First of all apologies for some of the photo's, some of these are among the worst I have ever taken. If you read the report you will see why I can't go back and retake them, this reason also justifies their use here.

Plenty of people visit this site, write inaccurate reports and often wrongly referred to it as a 'Secret' Nuclear Bunker, the reality is much more boring than that and confusion also arises due to its many uses over the last 60 years.I thought I would make an attempt to set the record straight and dig up some history of this brilliant site which the local chav scum have sadly slowly trashed in recent years.

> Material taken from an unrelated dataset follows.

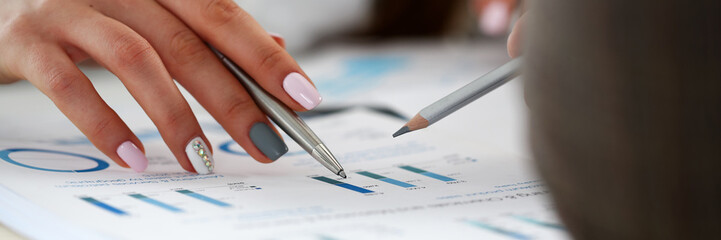 Female arm holding silver pen point in financial graph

Stewarts & Lloyds Ltd moved to Corby, Northamptonshire in November 1932, enabling them to make use of the local iron ore to feed their blast furnaces and Bessemer steel converters. The new construction was carried out to a very tight timetable, from the clearing of the site in 1933 the first of the Corby blast furnaces was lit in May the following year. This was followed by coke from the new coke ovens the following month and the ore preparation and sinter plants in September. No.2 blast furnace was lit in November and the first steel came from the Bessemer converters on 27th December. The last of the originally planned blast furnaces (No.3) was lit in October 1935. Following a rebuild to increase capacity of No.2 furnace Corby works became the third cheapest pig iron producing plant in the world.

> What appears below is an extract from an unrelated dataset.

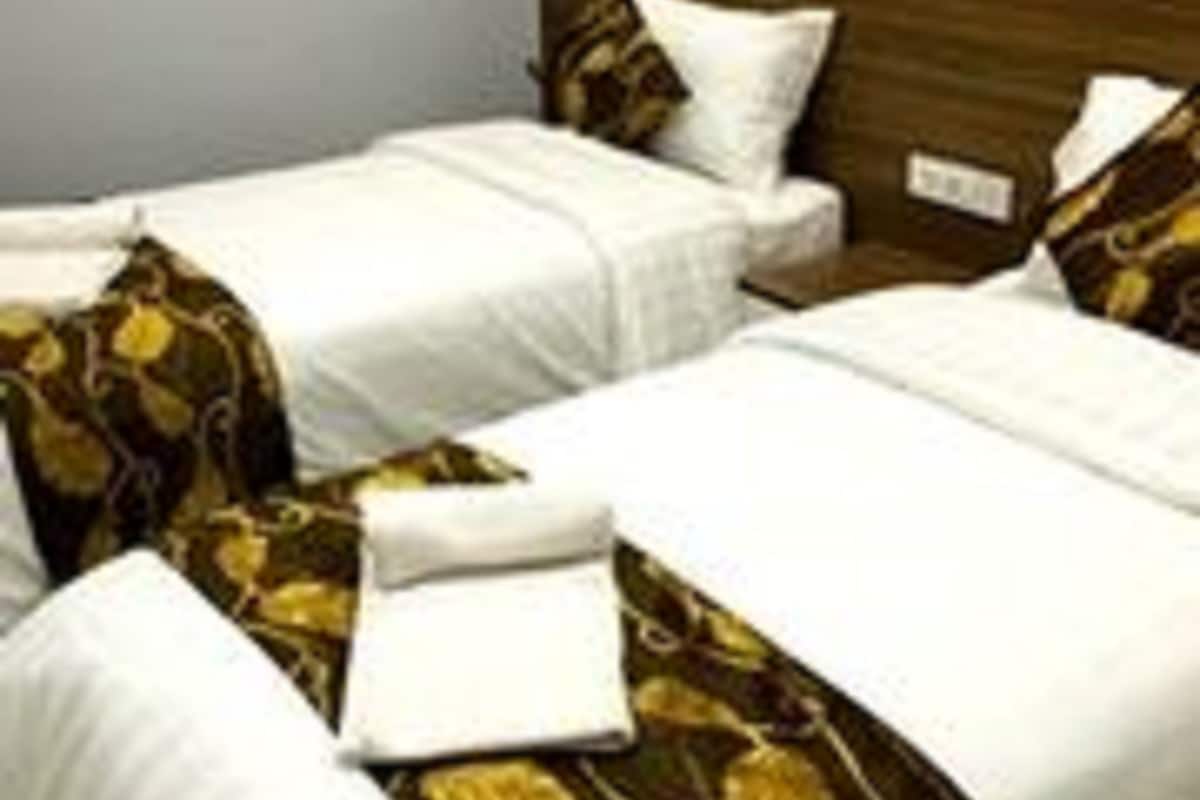 Habitación de hotel con dos camas, cada una con ropa blanca y almohadas decorativas.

After the outbreak of World War II, much of the output was war-related. Possibly the biggest contribution of the works to the war effort was PLUTO, the [ame="http://en.wikipedia.org/wiki/Operation_Pluto"]Pipe Line Under The Ocean[/ame], a pipeline built, following the D-Day landings to supply fuel for the invading forces. Almost 1,000 miles of steel tubes went into the project.

Incidentally, and creeping Off Topic, they built and named a Pub in Corby called The Pluto as a tribute, it became one of the most violent and illicit drinking establishments in town and was eventually demolished 

Another large Stewarts & Lloyds contribution was the 15,000 miles of tube, used for the construction of beach defences, and which was covered with barbed wire, and other, more dangerous obstructions, known as "Wallace Swords". A total of over 275,000 miles (about 2,5 million tons) of tube were produced for war-related work during the 1939-45 period.

During World War 2 the Corby steel works were expected to be a major target for German bombers but in reality there were only a few bombs dropped by solitary planes and there were no reported casualties. This may be because the whole area was blanketed in huge dense black, low lying clouds created artificially by the intentional burning of oil and latex to hide the glowing Bessemer converter furnaces at the steel works 
from German bomber crews. There are also some fairly reliable reports that a proper QF Decoy site may have existed at Geddington Chase to protect the Works.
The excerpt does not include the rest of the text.